- Dah Hanu Location in Ladakh, India Dah Hanu Dah Hanu (India)
- Coordinates: 34°36′N 76°30′E﻿ / ﻿34.60°N 76.50°E
- Country: India
- Union Territory: Ladakh
- District: Sham
- Tehsil: Skurbhchan

Population (2011)
- • Total: 1,816
- Time zone: UTC+5:30 (IST)

= Dah Hanu =

Dah (also known as Dha) and Hanu are two villages of the Brokpa people of the Sham district in the Indian union territory of Ladakh. Until 2010, these were the only two villages where tourists were allowed to visit out of a number of Brokpa villages.

The two villages situated in the Dha Hanu valley, also known as Aryan valley, about 163 km northwest of Leh in Ladakh. Being at a lower altitude, Dha and Hanu is warmer than Leh, allowing for the cultivation of wine-grapes and cherries as well as apricots and walnuts.

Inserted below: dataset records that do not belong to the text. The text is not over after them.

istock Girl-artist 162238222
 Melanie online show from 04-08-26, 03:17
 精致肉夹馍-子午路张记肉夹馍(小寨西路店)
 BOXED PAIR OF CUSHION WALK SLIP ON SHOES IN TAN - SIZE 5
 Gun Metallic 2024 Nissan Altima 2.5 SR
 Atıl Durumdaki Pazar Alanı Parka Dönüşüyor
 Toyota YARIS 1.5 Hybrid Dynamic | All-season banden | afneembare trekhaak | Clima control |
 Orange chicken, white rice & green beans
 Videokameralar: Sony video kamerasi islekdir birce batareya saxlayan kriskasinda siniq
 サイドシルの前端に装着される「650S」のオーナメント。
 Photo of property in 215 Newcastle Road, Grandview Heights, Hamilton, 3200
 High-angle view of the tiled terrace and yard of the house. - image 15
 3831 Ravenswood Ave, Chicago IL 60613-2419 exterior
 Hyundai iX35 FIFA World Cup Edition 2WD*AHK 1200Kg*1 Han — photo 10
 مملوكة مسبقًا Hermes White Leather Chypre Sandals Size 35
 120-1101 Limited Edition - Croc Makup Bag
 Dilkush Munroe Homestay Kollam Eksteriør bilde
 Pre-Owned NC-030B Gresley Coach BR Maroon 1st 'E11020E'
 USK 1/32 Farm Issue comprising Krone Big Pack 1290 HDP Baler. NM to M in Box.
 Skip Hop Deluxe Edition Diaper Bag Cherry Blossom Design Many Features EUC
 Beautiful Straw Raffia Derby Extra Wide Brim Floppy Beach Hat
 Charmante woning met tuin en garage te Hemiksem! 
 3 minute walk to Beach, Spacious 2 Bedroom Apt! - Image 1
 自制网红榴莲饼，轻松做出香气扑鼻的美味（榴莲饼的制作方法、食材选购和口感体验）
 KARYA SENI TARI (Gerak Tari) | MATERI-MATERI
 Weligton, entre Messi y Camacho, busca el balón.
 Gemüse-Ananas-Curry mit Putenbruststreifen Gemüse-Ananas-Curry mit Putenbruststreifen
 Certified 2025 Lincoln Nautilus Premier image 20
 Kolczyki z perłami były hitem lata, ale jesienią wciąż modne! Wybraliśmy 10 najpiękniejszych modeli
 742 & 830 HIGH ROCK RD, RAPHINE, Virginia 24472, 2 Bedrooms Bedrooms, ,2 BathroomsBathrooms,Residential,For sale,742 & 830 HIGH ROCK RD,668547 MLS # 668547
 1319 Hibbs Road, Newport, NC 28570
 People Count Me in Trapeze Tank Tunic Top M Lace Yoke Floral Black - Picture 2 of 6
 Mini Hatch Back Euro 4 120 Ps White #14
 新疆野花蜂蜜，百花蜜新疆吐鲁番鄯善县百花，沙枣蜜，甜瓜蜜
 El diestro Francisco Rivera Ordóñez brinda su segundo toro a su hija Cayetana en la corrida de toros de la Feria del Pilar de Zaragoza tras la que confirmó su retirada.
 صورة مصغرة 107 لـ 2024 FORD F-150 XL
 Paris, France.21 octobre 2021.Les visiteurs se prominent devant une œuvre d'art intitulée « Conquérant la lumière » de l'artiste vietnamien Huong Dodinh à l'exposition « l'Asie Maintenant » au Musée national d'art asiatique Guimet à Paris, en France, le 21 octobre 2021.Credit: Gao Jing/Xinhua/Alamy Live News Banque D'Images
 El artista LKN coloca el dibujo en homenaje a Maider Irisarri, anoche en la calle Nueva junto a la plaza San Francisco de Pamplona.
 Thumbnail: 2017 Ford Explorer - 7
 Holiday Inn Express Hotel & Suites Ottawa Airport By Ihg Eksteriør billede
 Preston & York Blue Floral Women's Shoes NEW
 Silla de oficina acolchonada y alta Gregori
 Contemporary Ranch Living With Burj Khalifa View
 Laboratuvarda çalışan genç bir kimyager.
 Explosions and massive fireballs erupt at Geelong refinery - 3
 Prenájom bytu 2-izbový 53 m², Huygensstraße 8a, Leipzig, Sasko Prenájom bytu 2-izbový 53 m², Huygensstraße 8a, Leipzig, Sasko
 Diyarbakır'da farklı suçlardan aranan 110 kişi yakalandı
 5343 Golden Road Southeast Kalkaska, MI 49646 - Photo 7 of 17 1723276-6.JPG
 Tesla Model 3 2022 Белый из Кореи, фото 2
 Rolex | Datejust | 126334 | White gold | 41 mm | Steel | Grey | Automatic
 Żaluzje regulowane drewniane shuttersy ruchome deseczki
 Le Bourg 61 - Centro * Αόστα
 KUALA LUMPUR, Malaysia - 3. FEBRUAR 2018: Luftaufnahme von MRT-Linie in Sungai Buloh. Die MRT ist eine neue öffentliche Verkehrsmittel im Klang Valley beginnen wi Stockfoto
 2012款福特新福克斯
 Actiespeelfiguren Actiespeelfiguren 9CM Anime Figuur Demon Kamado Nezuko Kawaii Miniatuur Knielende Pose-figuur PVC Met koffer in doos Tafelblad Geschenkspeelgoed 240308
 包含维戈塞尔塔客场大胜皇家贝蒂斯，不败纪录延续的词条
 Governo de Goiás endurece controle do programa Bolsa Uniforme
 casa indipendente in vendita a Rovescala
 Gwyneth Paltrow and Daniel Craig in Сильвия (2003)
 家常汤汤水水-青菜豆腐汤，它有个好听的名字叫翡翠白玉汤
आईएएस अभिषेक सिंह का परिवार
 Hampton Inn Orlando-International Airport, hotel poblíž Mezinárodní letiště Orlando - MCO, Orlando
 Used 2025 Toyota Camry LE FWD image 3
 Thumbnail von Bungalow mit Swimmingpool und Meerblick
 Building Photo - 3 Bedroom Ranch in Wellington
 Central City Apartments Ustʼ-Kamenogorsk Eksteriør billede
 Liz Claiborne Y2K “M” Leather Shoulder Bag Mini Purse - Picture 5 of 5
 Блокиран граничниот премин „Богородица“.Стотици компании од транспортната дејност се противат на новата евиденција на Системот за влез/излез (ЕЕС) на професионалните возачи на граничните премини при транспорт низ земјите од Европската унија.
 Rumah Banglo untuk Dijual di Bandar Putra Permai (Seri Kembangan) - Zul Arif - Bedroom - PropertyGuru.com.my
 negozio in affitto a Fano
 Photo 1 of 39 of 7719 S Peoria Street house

The Brokpa people of Dah Hanu are nominally Buddhist but also worship their own animist pantheon of gods. They converted to Buddhism in the mid-nineteenth century. They have an Indo-European appearance in contrast to the predominant Tibeto-Mongol inhabitants of most of Ladakh. According to popular belief, the Brokpas were part of the army of Alexander the Great and came to the region over two thousand years ago.

"Some households still practice polyandry...it is the groom who pays the bride price. Women have rights of divorce."